Penta Teknoloji’de bu çevikliği sağlamak adına neler yapıyoruz? Öncelikle, giderlerin sıkı bir şekilde kontrol altında tutulması ve önceliklendirilmesi gerekiyor. Bu, stok kontrolü ve net işletme sermayesinin kullanımının optimize edilmesiyle doğrudan bağlantılıdır. Maliyetlerin arttığı ve piyasada fiyat algısının bozulduğu dönemlerde, bu süreçleri doğru yönetmek büyük önem taşıyor. Ayrıca, dış kaynak kullanımını mümkün olduğunca azaltmak ve iç kaynakları etkin bir şekilde değerlendirmek de bu dönemdeki stratejilerimizin bir parçası. Finansal enstrümanların dikkatli bir şekilde yönetilmesi, belirsizliklerin olduğu süreçlerde şirketin mali yapısını korumaya ve güçlendirmeye yardımcı olacaktır. Tüm bu adımlar, Penta Teknoloji’nin mevcut zorluklara karşı dayanıklılığını artırarak, gelecekteki belirsizliklere de hazırlıklı olmasını sağlıyor. Son dönemde şirketimizin finansal sonuçlarından da görüldüğü gibi şirketimiz başarılı bir şekilde yönetilmektedir.
Mehmet Fatih Erunsal kimdir?
2001 yılında Fatih Üniversitesi Siyaset Bilimi ve Uluslararası İlişkiler bölümünden mezun olan Fatih Erünsal, kariyerine 2003 yılında Yıldız Holding’in bilişim grubu şirketlerinde başlamış ve Yıldız Holding bünyesinde farklı şirketlerde ürün yönetiminden satış müdürlüğüne uzanan farklı görevler üstlenmiştir.
2007 yılında Hızlı Sistem’de yürüttüğü Satış ve Pazarlama Müdürlüğü görevinde, şirketin perakende operasyonları ile ithalat ve distribütörlük süreçlerini yönetmiştir.
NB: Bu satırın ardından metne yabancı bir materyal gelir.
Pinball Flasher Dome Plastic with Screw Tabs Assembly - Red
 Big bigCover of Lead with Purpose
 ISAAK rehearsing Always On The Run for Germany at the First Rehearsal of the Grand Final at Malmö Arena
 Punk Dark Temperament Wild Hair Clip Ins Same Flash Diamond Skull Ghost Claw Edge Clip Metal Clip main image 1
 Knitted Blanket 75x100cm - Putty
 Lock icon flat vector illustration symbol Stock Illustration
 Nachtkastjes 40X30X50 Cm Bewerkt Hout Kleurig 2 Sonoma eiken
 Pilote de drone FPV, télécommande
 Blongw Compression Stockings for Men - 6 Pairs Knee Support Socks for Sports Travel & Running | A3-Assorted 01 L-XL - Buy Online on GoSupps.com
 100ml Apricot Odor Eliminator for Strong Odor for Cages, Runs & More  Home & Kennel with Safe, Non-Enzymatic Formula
2012 yılında Bilgi Teknolojileri sektöründeki en büyük birleşmelerden biri olan Penta Bilgisayar ve Mersa Sistem birleşmesi sürecine katkı sağlamıştır.
Fatih Erünsal, Penta Teknoloji Satış ve Pazarlama Direktörü olarak görev yaptığı dönemde, Ekip Elektronik, Beyaz İletişim, Medyasoft, Sayısal Grafik ve Exper şirketlerinin satın almalarında aktif rol üstlenerek şirket operasyonlarının birleştirilmesine ve Penta Teknoloji’nin sektörde güçlü bir şekilde yerini tesis etmesine katkıda bulunmuştur.
2017 yılından bu yana yürüttüğü Satış ve Pazarlamadan Sorumlu Genel Müdür Yardımcılığı görevinde, 2021 yılında Penta Teknoloji’nin halka arzında aktif rol almıştır.
Uzun yıllardır elde ettiği yönetim tecrübesini pekiştirmek amacıyla 2019 yılında Harvard Business School General Management Program’ına katılan ve başarıyla mezun olan Erünsal 2022 yılından bu yana Penta Teknoloji’de Genel Müdür olarak görevine devam etmektedir.